170 pts completed the lead-in period; 123 achieved an ACR Pedi 30 response

at Day 113. ACR Pedi 30 responder rates were similar across categories:

polyarthritis-RF positive, 26/38 (68.4%); polyarthritis-RF negative, 54/84

(64.3%); Systemic, 24/37 (64.9%); oligoarticular extended, 16/27 (59.3%);

and persistent oligoarticular 2/2 (100%).

30% of pts entering the lead-in period had previously received

TNF-antagonists (56 pts) or anakinra (1 pt). In the 70% who had not

previously received biologic therapy, ACR Pedi 30, 50, 70, and 90 response

rates were 75.9%, 60.2%, 36.1% and 17.3%, respectively.

For pts who received previous biologic therapy, response rates were 38.6%,

24.6%, 10.5% and 1.8%, respectively.

For pts receiving MTX (73.7% [140/190]), ACR Pedi 30, 50, 70 and 90 response

rates were 68.8%, 50.7%, 27.5% and 12.3%, respectively; for pts not taking

MTX, rates were 53.8%, 46.2%, 30.8% and 13.5%, respectively.

CONCLUSIONS: Abatacept was effective in treating all JIA categories enrolled

in the study. Abatacept is the first agent to show efficacy in JIA pts who

previously had received biologic therapy.

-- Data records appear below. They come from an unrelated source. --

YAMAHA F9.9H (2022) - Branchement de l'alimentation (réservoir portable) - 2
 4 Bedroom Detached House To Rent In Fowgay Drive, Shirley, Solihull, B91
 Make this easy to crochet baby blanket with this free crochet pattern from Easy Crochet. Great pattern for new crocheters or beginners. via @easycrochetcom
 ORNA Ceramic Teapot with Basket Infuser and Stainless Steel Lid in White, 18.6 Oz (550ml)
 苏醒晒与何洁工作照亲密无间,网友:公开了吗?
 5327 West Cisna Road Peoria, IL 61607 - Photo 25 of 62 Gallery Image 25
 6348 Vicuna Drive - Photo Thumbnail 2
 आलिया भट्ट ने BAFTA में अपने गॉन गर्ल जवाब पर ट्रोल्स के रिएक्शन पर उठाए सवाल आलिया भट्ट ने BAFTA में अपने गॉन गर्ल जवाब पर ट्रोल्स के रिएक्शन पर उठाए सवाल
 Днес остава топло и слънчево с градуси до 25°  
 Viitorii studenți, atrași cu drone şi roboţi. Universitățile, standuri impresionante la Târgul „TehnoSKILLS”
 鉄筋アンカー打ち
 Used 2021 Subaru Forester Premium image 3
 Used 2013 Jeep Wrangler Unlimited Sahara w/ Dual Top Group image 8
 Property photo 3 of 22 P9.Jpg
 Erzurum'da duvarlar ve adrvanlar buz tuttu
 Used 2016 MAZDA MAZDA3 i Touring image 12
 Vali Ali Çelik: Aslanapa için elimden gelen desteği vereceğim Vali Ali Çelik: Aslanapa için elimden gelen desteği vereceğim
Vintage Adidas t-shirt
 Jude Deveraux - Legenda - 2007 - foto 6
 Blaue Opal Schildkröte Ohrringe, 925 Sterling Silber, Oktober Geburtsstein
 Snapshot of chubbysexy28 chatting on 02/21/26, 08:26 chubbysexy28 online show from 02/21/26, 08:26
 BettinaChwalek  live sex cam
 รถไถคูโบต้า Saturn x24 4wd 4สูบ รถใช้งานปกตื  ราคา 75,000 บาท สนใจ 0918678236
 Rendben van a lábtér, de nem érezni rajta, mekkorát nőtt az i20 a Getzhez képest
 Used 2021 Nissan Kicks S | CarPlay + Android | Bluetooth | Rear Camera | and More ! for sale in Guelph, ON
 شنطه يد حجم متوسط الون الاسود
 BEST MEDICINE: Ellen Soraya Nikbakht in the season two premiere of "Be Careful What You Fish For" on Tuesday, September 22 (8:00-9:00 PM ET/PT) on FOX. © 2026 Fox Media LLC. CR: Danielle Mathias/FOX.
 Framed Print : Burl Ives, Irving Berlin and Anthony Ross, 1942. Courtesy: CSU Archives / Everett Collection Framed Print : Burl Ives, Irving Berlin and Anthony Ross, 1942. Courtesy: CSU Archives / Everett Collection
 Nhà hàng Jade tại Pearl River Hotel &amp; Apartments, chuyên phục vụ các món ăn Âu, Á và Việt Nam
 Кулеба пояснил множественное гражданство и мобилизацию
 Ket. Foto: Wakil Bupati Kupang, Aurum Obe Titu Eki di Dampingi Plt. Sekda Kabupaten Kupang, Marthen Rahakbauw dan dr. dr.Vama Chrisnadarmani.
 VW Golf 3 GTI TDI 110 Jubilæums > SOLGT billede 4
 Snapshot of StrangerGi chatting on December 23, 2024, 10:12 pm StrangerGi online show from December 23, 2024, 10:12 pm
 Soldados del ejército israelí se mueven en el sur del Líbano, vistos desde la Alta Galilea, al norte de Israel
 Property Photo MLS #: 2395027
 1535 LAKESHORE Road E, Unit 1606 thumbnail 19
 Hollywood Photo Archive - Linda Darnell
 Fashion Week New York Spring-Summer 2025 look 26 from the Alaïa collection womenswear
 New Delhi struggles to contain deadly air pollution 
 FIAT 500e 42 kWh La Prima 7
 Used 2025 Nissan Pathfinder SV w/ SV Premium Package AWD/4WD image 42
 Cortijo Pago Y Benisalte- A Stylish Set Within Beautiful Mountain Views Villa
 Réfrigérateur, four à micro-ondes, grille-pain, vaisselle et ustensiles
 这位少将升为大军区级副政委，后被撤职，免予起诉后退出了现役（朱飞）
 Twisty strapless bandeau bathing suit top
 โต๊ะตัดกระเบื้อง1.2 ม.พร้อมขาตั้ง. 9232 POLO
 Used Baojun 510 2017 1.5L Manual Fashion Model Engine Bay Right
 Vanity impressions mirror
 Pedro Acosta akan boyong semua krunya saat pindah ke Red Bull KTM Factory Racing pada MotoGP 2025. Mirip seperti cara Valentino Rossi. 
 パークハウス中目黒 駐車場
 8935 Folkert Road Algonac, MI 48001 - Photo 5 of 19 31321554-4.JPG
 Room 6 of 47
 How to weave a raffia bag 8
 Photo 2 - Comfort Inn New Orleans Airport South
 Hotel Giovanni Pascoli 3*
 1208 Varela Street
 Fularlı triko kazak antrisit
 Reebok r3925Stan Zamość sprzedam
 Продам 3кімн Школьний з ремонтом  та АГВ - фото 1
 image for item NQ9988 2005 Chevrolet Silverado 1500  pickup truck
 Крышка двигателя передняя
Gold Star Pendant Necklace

Disclosures: E.H. Giannini, Bristol-Myers Squibb, 2; N. Ruperto,

Bristol-Myers Squibb, 2; A.M. Prieur, None; E. Paz, None; N.E. Rubio-,

None; C.A. Silva, None; C. Abud, None; R. Burgos-Vargas, None; V. Gerloni,

None; J. Melo-Gomes, None; C. Saad Magalhaes, None; F. Sztajnbok,

Investigator at a clinical site in the Bristol-Myers Squibb sponsored JIA

trial, 9; The Rheumatology unit receives a grant corresponding to the

patients' monthly infusions and medical visits from Bristol-Myers Squibb, 9;

C. Goldenstein-Schainberg, None; M. Scheinberg, None; P. Hashkes, None; C.

Hom, Investigator at a clinical site in the Bristol-Myers Squibb sponsored

JIA trial, 9; L.H. Sigal, Bristol-Myers Squibb, 3; A.J. Block, Bristol-Myers

Squibb, 1; Bristol-Myers Squibb, 3; A. Covucci, Bristol-Myers Squibb, 3;

D.J. Lovell, Abbott, 5; Amgen, 5; Bristol-Myers Squibb, 5; Centocor, 5;

Hoffmann-La Roche, 5; Novartis, 5; Pfizer, 5; Regeneron, 5; Xoma, 5;

Editorial Board, Clinical and Experimental Rheumatology; Associate Editor,

Arthritis Care and Research, 9; A. i, Bristol-Myers Squibb, 2.